One of the most useful features of the search engine is searching indexes. It allows to search in indexed sets of files on removable media (CD/DVD) without the physical access to the files.

Folders

The folder to be scanned must be the first argument in command line:

faind c:\ ...

There is another way to declare the folder name to be processed - by -dir command:

faind -dir c:\

The location of this command in the query string is not restricted to first position.

By default the subfolders are also crawled (see ini file to get instructions how to change the default behavior). Use option -recurse:

-recurse=on - subfolders are scanned recursively

-recurse=off - subfolders ARE NOT scanned

-r - equals to -recurse=on

It may be necessary to define several folders to process. In this case you can list all these folders in single -dir option:

-dir "folder1;folder2;..."

Folder names are separated by semicolon ";".

List of folders can also be stored in text filed and then used in command line (pay attention to @ character):

-dir @list_file

 

CD/DVD drives can be pointed by the command -cdrom

 

Files

The name of file to process can be declared as the very first argument in the command line:

faind e:\docs\cats.txt ...

You can issue the -file command in any place in command line:

faind ... -file e:\docs\cat.txt ...

It is possible to declare several -file commands in one query. In this case you can either put several -file commands or issue one -file command followed by the list of files:

faind ... -file "aaa;bbb;ccc" ...

The filenames are separated by colon. The length of the list is limited only by OS shell.
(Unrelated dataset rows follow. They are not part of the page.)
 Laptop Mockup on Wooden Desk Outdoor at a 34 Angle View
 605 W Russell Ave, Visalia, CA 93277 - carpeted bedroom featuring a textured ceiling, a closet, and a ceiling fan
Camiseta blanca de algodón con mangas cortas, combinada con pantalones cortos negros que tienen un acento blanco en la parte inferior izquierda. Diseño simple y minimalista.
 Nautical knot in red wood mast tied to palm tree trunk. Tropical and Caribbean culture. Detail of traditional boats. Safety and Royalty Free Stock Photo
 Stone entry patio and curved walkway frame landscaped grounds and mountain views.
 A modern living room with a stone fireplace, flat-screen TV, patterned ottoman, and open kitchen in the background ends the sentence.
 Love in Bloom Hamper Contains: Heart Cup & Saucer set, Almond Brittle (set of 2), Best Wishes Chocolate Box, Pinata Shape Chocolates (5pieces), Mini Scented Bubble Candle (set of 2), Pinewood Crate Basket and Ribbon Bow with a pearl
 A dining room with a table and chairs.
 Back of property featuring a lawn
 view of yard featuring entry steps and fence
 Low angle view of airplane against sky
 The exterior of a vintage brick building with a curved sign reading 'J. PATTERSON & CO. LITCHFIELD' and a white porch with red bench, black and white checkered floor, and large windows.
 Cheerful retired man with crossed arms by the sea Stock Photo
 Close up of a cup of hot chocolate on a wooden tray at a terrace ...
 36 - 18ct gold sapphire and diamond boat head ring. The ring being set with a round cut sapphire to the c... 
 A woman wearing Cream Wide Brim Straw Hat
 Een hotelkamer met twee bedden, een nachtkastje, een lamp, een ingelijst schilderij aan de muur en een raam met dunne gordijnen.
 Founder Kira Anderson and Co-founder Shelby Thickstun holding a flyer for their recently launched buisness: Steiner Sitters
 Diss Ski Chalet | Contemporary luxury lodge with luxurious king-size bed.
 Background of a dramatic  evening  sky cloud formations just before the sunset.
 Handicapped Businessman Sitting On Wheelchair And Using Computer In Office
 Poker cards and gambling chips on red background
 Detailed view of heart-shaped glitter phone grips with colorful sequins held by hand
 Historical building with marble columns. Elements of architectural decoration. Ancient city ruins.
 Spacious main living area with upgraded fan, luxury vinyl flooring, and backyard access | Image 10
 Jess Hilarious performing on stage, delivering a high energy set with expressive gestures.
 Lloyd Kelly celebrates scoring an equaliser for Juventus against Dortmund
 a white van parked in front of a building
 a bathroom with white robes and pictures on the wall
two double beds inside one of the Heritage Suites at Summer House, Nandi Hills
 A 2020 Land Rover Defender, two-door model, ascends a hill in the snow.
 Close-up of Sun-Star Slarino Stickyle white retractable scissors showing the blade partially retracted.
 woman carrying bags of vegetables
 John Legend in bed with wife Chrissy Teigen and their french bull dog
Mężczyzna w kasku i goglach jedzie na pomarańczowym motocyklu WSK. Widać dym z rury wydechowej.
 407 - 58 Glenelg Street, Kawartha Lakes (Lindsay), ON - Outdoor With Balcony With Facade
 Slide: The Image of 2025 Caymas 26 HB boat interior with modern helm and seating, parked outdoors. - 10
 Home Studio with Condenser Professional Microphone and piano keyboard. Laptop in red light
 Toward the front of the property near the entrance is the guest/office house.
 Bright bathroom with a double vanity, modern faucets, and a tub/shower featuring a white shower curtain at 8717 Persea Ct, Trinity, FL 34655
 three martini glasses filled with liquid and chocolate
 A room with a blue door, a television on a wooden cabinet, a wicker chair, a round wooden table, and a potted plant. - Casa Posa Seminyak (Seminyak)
The filenames can be stored in a text file and this text file is used as argument of -file command:

faind ... -file @eee ...

Archives and compressed files

Compression formats supported by search engine are: ARJ, GZIP, TAR, BZIP, RAR, 7ZIP (see the actual list). Full list of supported formats can be obtained by command:

faind -help=5

When search engine's file scanner finds archive with supported format it automatically unpacks it in memory.

-unpack=on - to scan archive content. In order to not scan archives do use -unpack=off. Default value for this option is defined in ini-file.

Archives and compressed files from web sites are also automatically downloaded, unpacked and scanned.

Note that archive support significantly increases the total size of search engine code. In some cases this support is redundant or useless. One of the possible examples is embedded search engine. In this case the developer can exclude the useless features by the search engine recompilation.

 

File lists

If first argument of command line is the name of file then this file will be processed.

For example, the command:

faind CAT.RAR -sample "dog"

searches for pattern dog in file CAT.RAR (it is compressed file).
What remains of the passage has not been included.